Já os pressupostos teóricos da escola naturalista envolvem o positivismo de Comte, o intelectualismo de Taine, o determinismo, o darwinismo social e as teorias evolucionistas de Spencer.

 

Boa parte da crítica literária, capitaneada por Antônio Cândido, busca dividir a obra de Aluísio Azevedo entre os trabalhos propriamente naturalistas, que seriam os que alcançariam maior expressão e importância literária e outras obras de menor relevância, de tipo romântico, folhetinesco e mais comerciais.

 

Dentre as ditas “grandes obras” do nosso escritor temos “O Mulato” (1881), “Casa de Pesão” (1883) e “O Cortiço” (1890), este último considerado o melhor livro de Aluísio Azevedo.


O HOMEM  





“O Homem” (1887)  segue a mesma matriz naturalista, sendo um sucesso de público. Além do viés cientificista ligado à descrição de uma personagem acometida de histeria, o romance também envolve algo de experimental, já que a realidade se confunde com os sonhos da protagonista, que culminarão num fim trágico, com o assassinato de duas pessoas perpetrado por aquela que deixou de ser capaz de diferenciar o real das experiências imaginárias.

 

Magdá, a protagonista, é filha do Conselheiro Pinto Marques, reside no bairro de Botafogo no Rio de Janeiro. Lá viviam uma tia chamada Dona Camila e Fernando, um afilhado do patriarca.

 

Fernando e Magdá passaram a infância juntos, cresceram juntos, foram amigos e posteriormente se apaixonaram, fazendo promessas de que se casariam após a conclusão dos estudos do afilhado do Conselheiro.

 

Pouco antes de cumprir a promessa do casamento, Pinto Marques intervém, negando consentimento ao enlace. Neste momento, o Conselheiro foi obrigado a confessar que na verdade Fernando e Magdá são irmãos: o afilhado na verdade fora fruto de uma relação extraconjugal, fato que fora omitido até aqui, para se evitar escândalos.

 

Após a descoberta da verdade, Fernando decide se mudar para a Europa e Magdá fica em estado de prostração e melancolia.

 

Orientado pelo médico, o Dr. Lobão, o pai de Magdá se esforça para encontrar um casamento para a filha, que sistematicamente vai negando consentimento a todos os pretendentes.

 

Gradualmente, a protagonista vai manifestando aquilo que os médicos caracterizavam como histeria: Magdá inicialmente sofre ataques de nervosismo e manias de rezas.
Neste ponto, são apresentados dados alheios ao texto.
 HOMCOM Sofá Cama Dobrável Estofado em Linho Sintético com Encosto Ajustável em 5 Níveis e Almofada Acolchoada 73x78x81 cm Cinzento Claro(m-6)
Pode-se frequentemente observá-la fazendo monólogos a meio voz e apresentando sobressaltos sem causas aparentes.

 

Em certo passeio com o pai, Magdá observa trabalhadores braçais de uma pedreira (cavoqueiros), com corpos másculos e bem definidos que a estimula a ter sonhos eróticos – nesta passagem, o livro foi particularmente atacado pela crítica.

 

Consta, efetivamente que o  Rio de Janeiro se viu escandalizado ao ler os devaneios eróticos da protagonista, descritos para tratar do tema da histeria feminina:

 

“O trabalhador que se ofereceu para conduzir Magdá era um mocó de vinte e tantos anos, vigoroso e belo de força. Estava nu da cintura para cima e a riqueza dos seus músculos, bronzeados pelo sol, patenteava-se livremente com uma independência de estatua. Os cabelos, empastados de suor e pó de pedra, caíram-lhe sobre a testa e sobre o pescoço, dando-lhe uma satírica feição de ingenuidade ingênua.

 

O rapaz passou um dos braços na cintura da Magdá e com o outro a suspendeu de mansinho pelas curvas dos joelhos, chamando-a toda contra o seu largo peito nu. Ela soltou um longo suspiro e, na inconsciência da síncope, deixou pender molemente a cabeça sobre o ombro do cavoqueiro.”

 

Magdá passa a ter sonhos com o cavouqueiro Luís, estimulada pela abstinência sexual, tida como “não natural” dentro das premissas naturalistas. Efetivamente, o médico Lobão insistentemente pressiona o conselheiro a casar sua filha para, objetivamente, fazê-la concretizar o ato sexual: o contrário disso é uma violação das leis da natureza.

 

Sem o casamento, agrava-se a histeria, passando a protagonista a expressar a sua concupiscência sexual quando dorme: através dos sonhos eróticos, o orgulho de mulher decente abre luta contra a degradante lubricidade e luxúria dos sonhos com o cavouqueiro.  

 

A despeito do escândalo causado pelo livro, “O Homem” foi um sucesso de público.

 

O Cidade do Rio (11 out. 1887, p. 1) noticiou que nas mesas das confeitarias na rua do Ouvidor só se falava do novo livro de Aluísio Azevedo. Cinco dias depois do lançamento já estava quase esgotada a primeira edição (A Semana, 15 out. 1887, p. 1), que se referia geralmente ao primeiro milheiro.

 

O sucesso do livro foi um feito excepcional para livros brasileiros, e foi através dele que o escritor foi convidado para integrar a editora Garnier, responsável pela publicação dos livros de Machado de Assis.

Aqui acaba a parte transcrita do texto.